Directions for this task. In the entries below, find the line with "The first thing" and the line with "So, we are going"; reproduce those two lines and all lines between them exactly, without pictures.

Data shown.
= = = = = = =

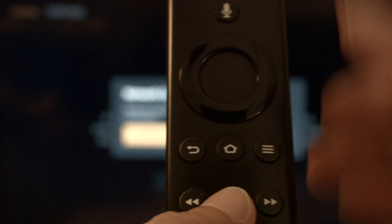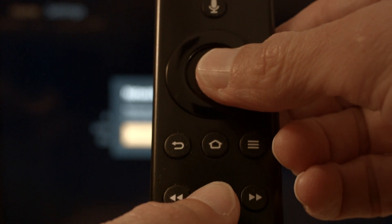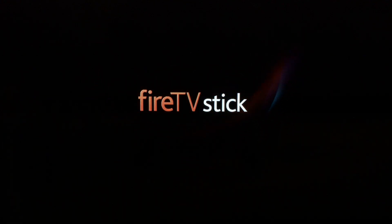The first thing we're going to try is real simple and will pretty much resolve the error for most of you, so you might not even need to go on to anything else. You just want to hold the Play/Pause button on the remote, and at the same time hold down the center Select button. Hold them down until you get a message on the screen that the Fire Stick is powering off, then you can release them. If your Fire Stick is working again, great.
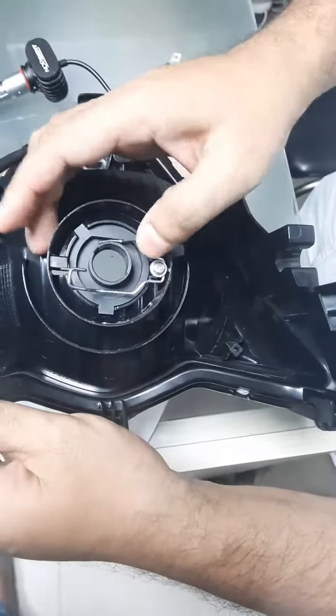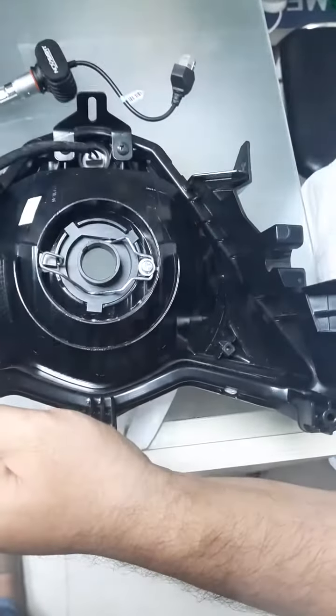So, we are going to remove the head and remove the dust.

= = = = = = =

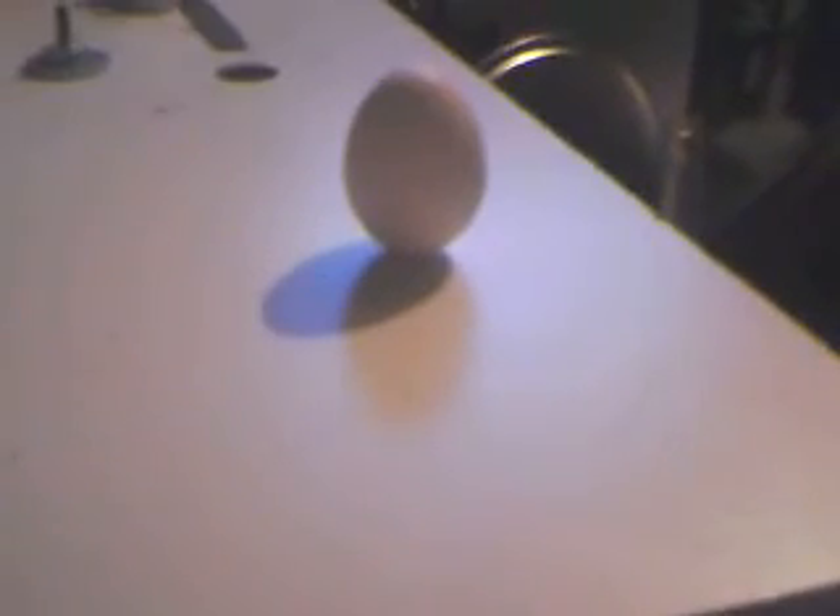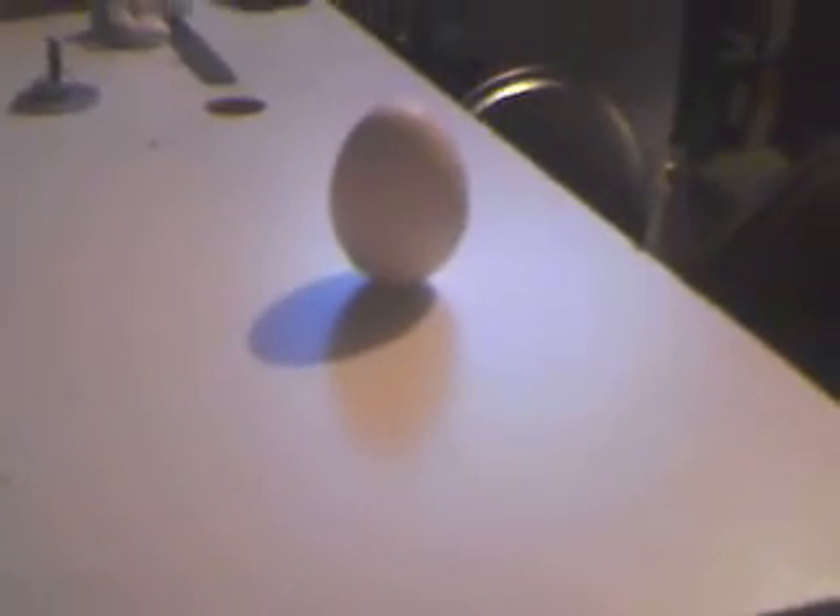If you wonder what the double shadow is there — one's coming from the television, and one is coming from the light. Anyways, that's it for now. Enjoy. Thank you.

= = = = = = =

Response area.
The first thing we're going to try is real simple and will pretty much resolve the error for most of you, so you might not even need to go on to anything else. You just want to hold the Play/Pause button on the remote, and at the same time hold down the center Select button. Hold them down until you get a message on the screen that the Fire Stick is powering off, then you can release them. If your Fire Stick is working again, great.
So, we are going to remove the head and remove the dust.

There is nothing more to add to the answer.